Databricks Photon and its relation to Apache Spark

Understanding what Databricks Photon is isn't very easy. Specifically, Photon's relation to Apache Spark can be confusing. In this article I aim to shed some light.

What Photon is not

Here are three statements that help us understand what Photon is not:

• Photon is not a replacement for Apache Spark
• Photon and Spark do not have the same scope
• Photon operates within the Spark execution framework

What Photon is

Photon is a query engine. It partially replaces Apache Spark's native execution engine when running your workload on a Photon-enabled Databricks cluster. The diagram below is taken from Databricks' original Photon paper ; it shows Photon's place within a cluster.
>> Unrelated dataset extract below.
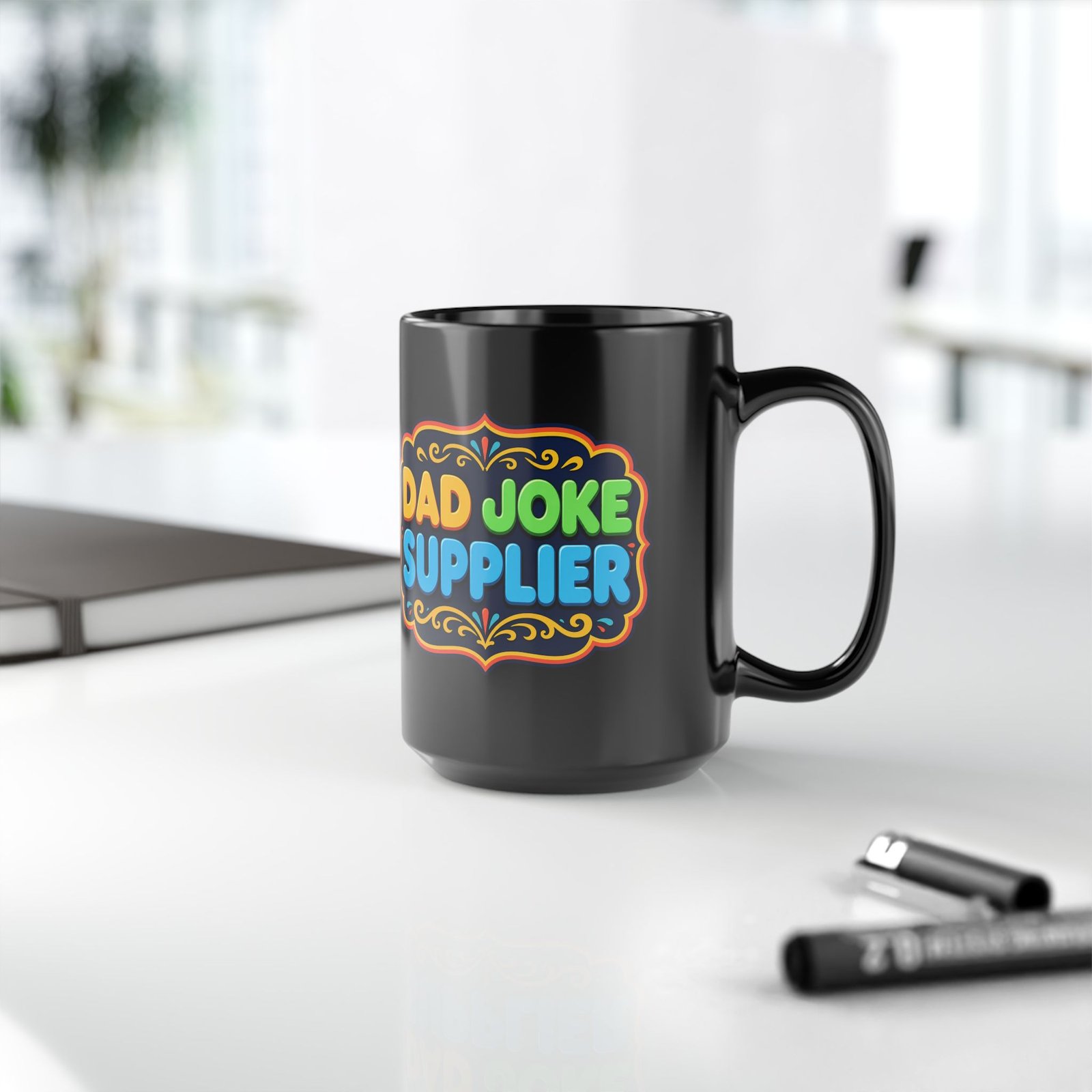 Dad Joke Supplier – Black Mug – Caffeine and Comedy Included - Image 10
A Photon task runs within the Spark execution framework (grey block in the middle), and the execution framework is part of the Databricks Runtime. Thus, a strict hierarchy applies:

Databricks Runtime > Spark execution framework > Photon task

Databricks Runtime

A Databricks cluster does not run open-source Apache?Spark. Databricks clusters are powered by the Databricks Runtime, a highly customized (optimized) version of Spark. Perhaps the most impactful optimization is Photon.

Spark execution framework

The Spark execution framework consists of a single driver node and one or more executor nodes. The driver node is responsible for workload orchestration and takes care of centralized tasks such as query planning and task scheduling. The driver assigns data processing tasks to the executors. Multiple tasks run concurrently and the execution framework combines the results of individual tasks. A data processing task that runs on an executor can be either a Photon task or a native Spark task.

Photon task

Photon is positioned at the lowest level of the Databricks Runtime, and executes tasks on partitions of data on a single thread. Not all Spark operations are currently supported by Photon. For those operations that are not, the Spark execution framework will fall back to Spark's native engine. Tasks are assigned to Photon if possible, and to the native engine if not – Photon and Spark's native engine co-exist.

Comparing Spark's native engine with Photon

Differences

Here are the key differences between Spark's native execution and Photon.

Open versus closed

The native Spark execution engine is part of open-source Apache Spark. Photon is a closed-source proprietary engine embedded in the Databricks Runtime, exclusively available for Databricks customers. Spark was originally built for big data workloads on unstructured data lakes – it does not provide best-in-class performance for more traditional data warehousing workloads. Photon was built to address this shortcoming. It specifically aims to improve performance on structured data, which is essential for Databricks to compete with other cloud data warehouses and to make the Lakehouse architecture a zero-compromise solution.

JVM versus C++

Spark's native engine runs in the Java Virtual Machine (JVM), while Photon is implemented in C++. The authors of the Photon paper cite performance liminations in the JVM as the main driver for the switch. An example of this is degraded garbage collection performance on heaps greater than 64GB. Benefits of C++ include explicit control over memory management and Single Instruction, Multiple Data (SIMD) instructions, which is used to exensively optimize code execution.

Row-oriented versus columnar memory

Spark's native engine uses a row-oriented format for in-memory data. Photon did not adopt this format, and instead uses a columnar representation. Again, performance was the driver for this design decision. A benefit of a columnar format is that it is more amenable to SIMD instructions, which enable parallel, vectorized execution. Another benefit is that Parquet files—Photon's primary interface—also have a columnar layout. Where Spark's native engine requires an expensive column-to-row pivot, Photon does not.

Code generation versus interpreted vectorization

Spark's native engine uses a code-generation design, which means that a compiler produces specialized, query-specific code at runtime. Multiple operators are typically collapsed into a pipeline function to optimize performance, at the cost of observability. Photon uses an interpreted vectorization design, which means that data is processed in batches, and a pre-compiled code path is dynamically assigned to each batch at runtime. The latter approach can leverage batch-specific statistics at runtime to choose the optimal code path, a process called batch-level adapativity.

Overlap

Spark's native engine and Photon serve the same purpose of executing data processing tasks within the Spark execution framework. They also share the same user-facing APIs and have consistent semantics – this means that application code is portable between both engines and guaranteed to have the same outcome.

Conclusion

Photon is a modern execution engine optimized for the Lakehouse. It does not replace Apache Spark, and it does not affect the Spark execution framework – it partially replaces Spark's native execution engine.